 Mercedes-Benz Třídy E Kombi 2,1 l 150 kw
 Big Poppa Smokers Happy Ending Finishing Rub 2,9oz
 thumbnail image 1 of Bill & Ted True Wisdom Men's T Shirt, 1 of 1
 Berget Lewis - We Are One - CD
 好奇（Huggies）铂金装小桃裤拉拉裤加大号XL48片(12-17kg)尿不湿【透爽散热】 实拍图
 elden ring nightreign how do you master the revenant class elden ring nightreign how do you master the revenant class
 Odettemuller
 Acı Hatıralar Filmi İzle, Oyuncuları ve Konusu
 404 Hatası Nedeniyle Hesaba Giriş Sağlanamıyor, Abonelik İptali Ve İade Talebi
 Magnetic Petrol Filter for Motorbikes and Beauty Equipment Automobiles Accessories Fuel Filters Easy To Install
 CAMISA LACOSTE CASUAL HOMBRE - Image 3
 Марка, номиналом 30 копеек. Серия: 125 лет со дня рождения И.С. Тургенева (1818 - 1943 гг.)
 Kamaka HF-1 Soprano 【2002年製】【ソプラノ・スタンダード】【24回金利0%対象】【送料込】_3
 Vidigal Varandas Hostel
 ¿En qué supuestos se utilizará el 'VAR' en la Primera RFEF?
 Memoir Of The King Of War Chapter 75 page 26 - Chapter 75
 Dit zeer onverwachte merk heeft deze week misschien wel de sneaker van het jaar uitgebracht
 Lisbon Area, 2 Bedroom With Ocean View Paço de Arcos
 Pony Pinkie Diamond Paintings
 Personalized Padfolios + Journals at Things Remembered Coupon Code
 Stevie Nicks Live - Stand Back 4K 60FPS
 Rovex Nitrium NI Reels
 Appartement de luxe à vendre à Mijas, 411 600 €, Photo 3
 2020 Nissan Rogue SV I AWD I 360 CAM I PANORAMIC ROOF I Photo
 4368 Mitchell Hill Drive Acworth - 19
_ _ _ _ _ _ _
EXERCISE DETAILS: Restate word for word the lines of the data above, starting at the line containing "404 Hatası Nedeniyle" and ending at the line containing "la Primera RFEF?", both included, and nothing more.

THE ANSWER:
 404 Hatası Nedeniyle Hesaba Giriş Sağlanamıyor, Abonelik İptali Ve İade Talebi
 Magnetic Petrol Filter for Motorbikes and Beauty Equipment Automobiles Accessories Fuel Filters Easy To Install
 CAMISA LACOSTE CASUAL HOMBRE - Image 3
 Марка, номиналом 30 копеек. Серия: 125 лет со дня рождения И.С. Тургенева (1818 - 1943 гг.)
 Kamaka HF-1 Soprano 【2002年製】【ソプラノ・スタンダード】【24回金利0%対象】【送料込】_3
 Vidigal Varandas Hostel
 ¿En qué supuestos se utilizará el 'VAR' en la Primera RFEF?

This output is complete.